Going Home
Delivered on Sunday morning, December 21, 1856, by the Rev. C. H. Spurgeon
Republished in FrontLine • November/December 1999. Click here to subscribe to the magazine.
“Go home to thy friends, and tell them how great things the Lord hath done for thee, and hath had compassion on thee.”—Mark 5:19
The case of the man here referred to is a very extraordinary one. This poor wretch being possessed with a legion of evil spirits had been driven to something worse than madness. He fixed his home among the tombs, where he dwelt by night and day, and was the terror of all those who passed by. The authorities had attempted to curb him. He had been bound with fetters and chains, but in the paroxysms of his madness he had torn the chains in sunder and broken the fetters in pieces. Attempts had been made to reclaim him, but no man could tame him. His fierce nature would not yield. He was a misery to himself, for he would run upon the mountains by night and day, crying and howling fearfully, cutting himself with the sharp flints, and torturing his poor body in the most frightful manner.
Jesus Christ passed by; He said to the devils, “Come out of him.” The man was healed in a moment, he fell down at Jesus’ feet, he became a rational being—an intelligent man, yea, what is more, a convert to the Savior. Out of gratitude to his deliverer, he said, “Lord, I will follow thee whithersoever thou goest; I will be thy constant companion and thy servant; permit me so to be.”

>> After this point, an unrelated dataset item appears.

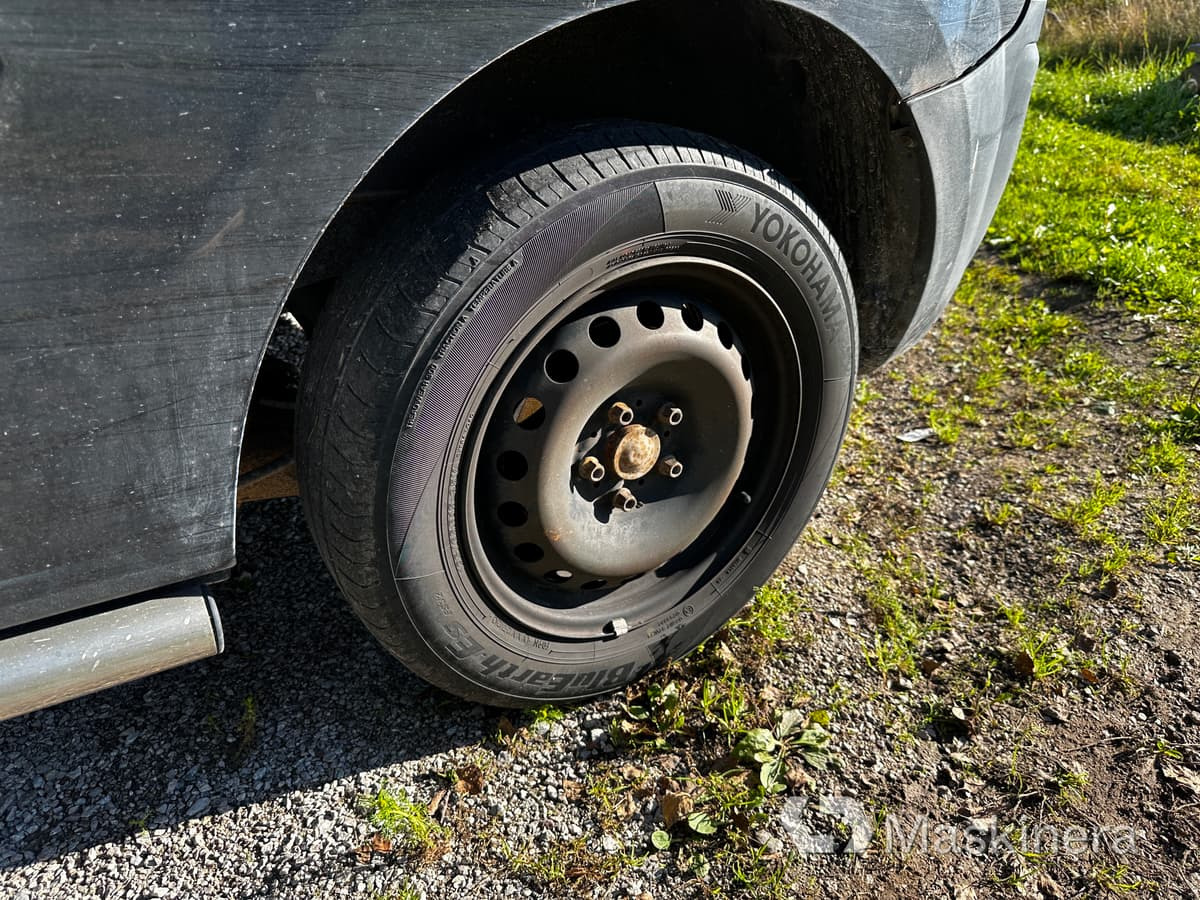 Kis furgon Skåpbil Renault Kangoo: 20 kép. Kis furgon Skåpbil Renault Kangoo: 20 kép.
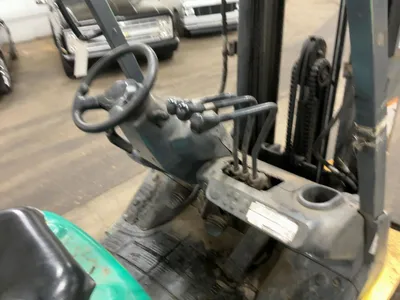 USED 2010 KOMATSU FG25T-16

“No,” said Christ, “I esteem your motive; it is one of gratitude to me; but if you would show your gratitude, ‘go home to thy friends and tell them how great things the Lord hath done for thee, and hath had compassion on thee.’”
Now, I will tell you the reason why I selected my text. I thought within myself, there are a large number of young men who always come to hear me preach; they always crowd the aisles of my chapel, and many of them have been converted to God. Now, here is Christmas-day come round again, and they are going home to see their friends. When they get home they will want a Christmas Carol in the evening; I think I will suggest one to them—more especially to such of them as have been lately converted. I will give them a theme for their discourse on Christmas evening; it shall be this: “Go home and tell your friends what the Lord hath done for your souls, and how He hath had compassion on you.”
For my part, I wish there were 20 Christmas days in the year. Though I have no respect to the religious observance of the day, yet I love it as a family institution, as one of England’s brightest days, the great Sabbath of the year, when the plough rests in its furrow, when the din of business is hushed, when the mechanic and the working man go out to refresh themselves upon the green award of the glad earth. We are going home to see our friends, and here is the story some of us have to tell. “Go home to thy friends, and tell them how great things the Lord hath done for them, and hath had compassion on thee.”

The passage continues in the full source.